Como uma temporada de futebol afeta o cérebro de uma criança

Há pesquisas que mostram que concussões têm impactos devastadores em jogadores profissionais de futebol da NFL - e os sintomas não acontecem da noite para o dia. Os efeitos negativos das concussões podem continuar anos após o trauma, e especialistas em cérebro dizem que danos a neurônios delicados também podem se acumular com o tempo, mesmo com lesões repetidas na cabeça que não atingem o nível de concussão.
Isso é por que o Dr. Christopher Whitlow, chefe de neurorradiologia da Wake Forest School of Medicine, e seus colegas investigaram mudanças cerebrais em jogadores jovens. Whitlow queria entender melhor como o traumatismo craniano não contundente, o tipo causado por um jogo normal de futebol, afeta o cérebro. Em um estudo publicado na revista Radiology, sua equipe relata que, embora essas mudanças sejam sutis, são visíveis no cérebro de jovens jogadores.
O estudo envolveu 25 meninos com idades entre 8 e 13 anos que jogaram um única temporada de futebol.
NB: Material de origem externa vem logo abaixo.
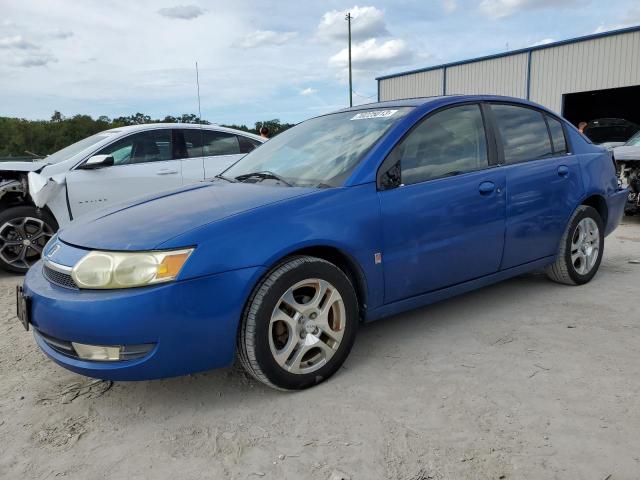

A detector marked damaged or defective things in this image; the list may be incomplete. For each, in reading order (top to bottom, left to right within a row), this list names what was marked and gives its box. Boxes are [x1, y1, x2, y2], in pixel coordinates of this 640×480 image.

damaged white car [0, 123, 264, 274]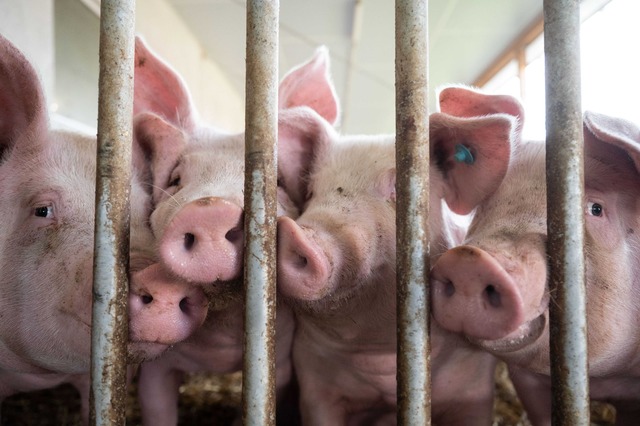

Os jogadores concordaram em usar capacetes especiais que rastreiam os impactos na cabeça e fizeram ressonâncias magnéticas no início e no final da temporada para observar quaisquer diferenças resultantes de sua temporada de jogo.
Whitlow descobriu que quanto mais impactos um jogador tinha na cabeça, mais mudanças em uma parte do cérebro chamada matéria branca, que é composta por neurônios isolados que formam a base da comunicação entre as diferentes partes do cérebro. Essas mudanças são preocupantes, já que a substância branca do cérebro ainda está se desenvolvendo e evoluindo durante essa idade, e as mudanças em sua trajetória normal podem ter efeitos duradouros em muitos aspectos da função cerebral, da cognição à personalidade e ao comportamento.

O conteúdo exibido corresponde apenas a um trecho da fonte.